Singer Cissy Houston performs onstage during the 2012 BET Awards in Los Angeles, California.
Getty Images For BET
Singer Cissy Houston performs onstage during the 2012 BET Awards in Los Angeles, California.

Cissy Houston, a singer whose career began in childhood and spanned generations and genres from gospel to pop, has died. As a child, Houston performed with her siblings, and she later sang backing vocals with Elvis Presley, Aretha Franklin, Van Morrison and more. She was also a renowned solo gospel artist and the mother of one of the biggest pop and R&B stars in the world, Whitney Houston. She was 91 years old.

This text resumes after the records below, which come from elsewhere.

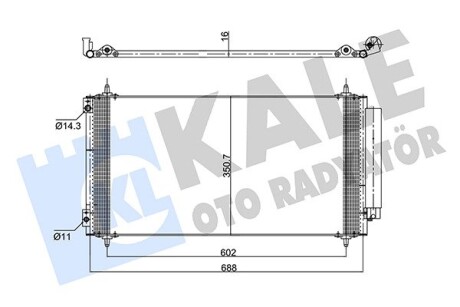 KALE CITROEN Радиатор кондиционера C8,Fiat Ulysse,Peugeot 807 2.2HDI KALE OTO RADYATOR 352590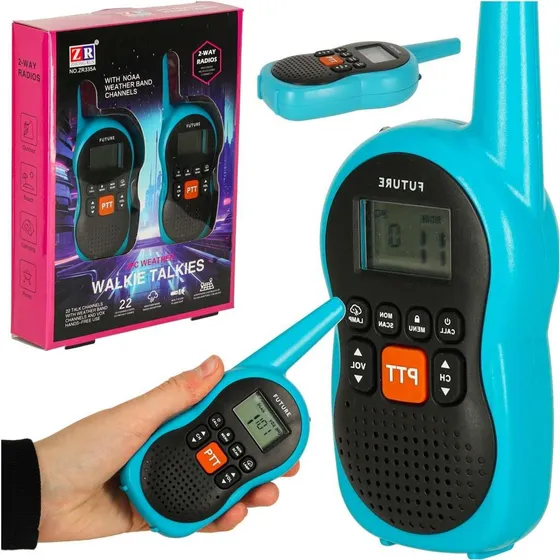 Walkie Talkie sæt til børn, 3 km rækkevidde, blå (2 stk.)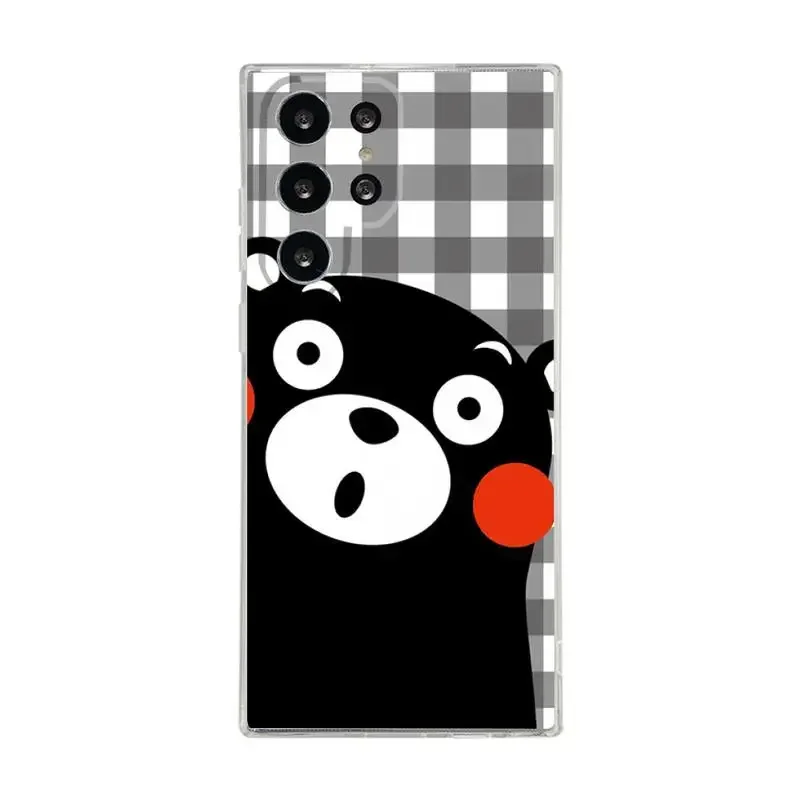 Cute Kumamon Phone Case Silicone Case For Samsung S30 S23 S21 S22 S20 Ultra S20 FE lite S10 S9 S8 PIus Cover Clear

Houston was born in 1933, as Emily Drinkard, in Newark, N.J., to a musically gifted family. As a child, she was expected to perform at local churches with her brothers and sisters.

"I was 5 years old and they had to put me on a stool in order to see me," she told WHYY's Fresh Air in 1998. "Of course, at 5 years old, I wanted to be out playing with everyone else and it was difficult for me. There was no question. I didn't have a choice."

Her family group, The Drinkard Singers, became one of the first groups to release a gospel album on a major record label. A Joyful Noise was released in 1959 by RCA Records.

In the 1960s, Houston decided she wanted to sing secular music and formed the group The Sweet Inspirations. Under Houston's leadership, it earned a reputation as one of the best background groups in the business, appearing on hundreds of songs and helping to shape classics ranging from Van Morrison's "Brown Eyed Girl" to Dusty Springfield's "Son of A Preacher Man."

The group's first album, the self-titled The Sweet Inspirations recorded in 1967, peaked at No. 12 on Billboard's Hot Soul Albums, and its crossover hit single "Sweet Inspiration" reached the top 20 of the Hot 100 singles chart.

Along with Sylvia Shemwell, Myrna Smith and Estelle Brown, Houston sang backup for Jimi Hendrix, Simon and Garfunkel, The Drifters, Wilson Pickett and Houston's niece Dionne Warwick, who was once part of the group with her sister Dee Dee Warwick, before each became a solo artist.

An innovative musician, Houston used four background voices rather than the standard three and doubled her top part to enrich the sound. She explained her process to Fresh Air using the song "You Make Me Feel Like A Natural Woman" by Aretha Franklin, as an example.

"'Natural Woman' was like ... you try to enhance what she's done. That's the gist of doing background," Houston said. "A lot of times, backgrounds make songs and really sell them."

Still, after spending a lot of time in the background, Houston was ready for the spotlight. "I was becoming an artist in my own right and that's when I left The Sweet Inspirations and became a single artist," Houston said.

She was also torn between professional demands and being a mom. Long hours and touring across the country kept her from seeing her children as much as she desired. She had two sons, Gary Garland and Michael, and a daughter, Whitney, who would go on to be one of the biggest pop stars of all time.

Cissy and Whitney Houston were famously close. Their relationship was also one of mentor and protégé.

"She's my mom. She's my friend. She's my teacher," Whitney Houston explained on Entertainment Tonight in 1987. "She's like a little gas station. When you need some strength, you just go to Mom, and she fills you."

Whitney died when she was only 48, after years of battling addiction and a notoriously troubled marriage. In 2013, Cissy Houston wrote a book, Remembering Whitney: My Story of Love, Loss, and the Night the Music Stopped. The memoir upset her granddaughter, Bobbi Kristina Brown, who would later also die tragically at the age of 22. In a since-deleted tweet, Brown expressed her anger. "I find it 2b disrespect2mymother & me being her daughter won't tolerate it," she wrote.

The memoir's treatment of rumors about Whitney Houston's closeted lesbian relationship also led to a memorable moment with Oprah Winfrey.

"Would it have bothered you if your daughter, Whitney, was gay?" Winfrey asked Cissy Houston in a 2013 interview on OWN's Next Chapter.

"Absolutely," Houston replied.

"You wouldn't have liked that at all?" Oprah pressed.

"Not at all," said Houston.

Houston stayed true to her roots in other ways. For more than 50 years, through triumphs and tragedies, Cissy Houston led the Youth Inspiration Choir at her hometown Baptist church in Newark.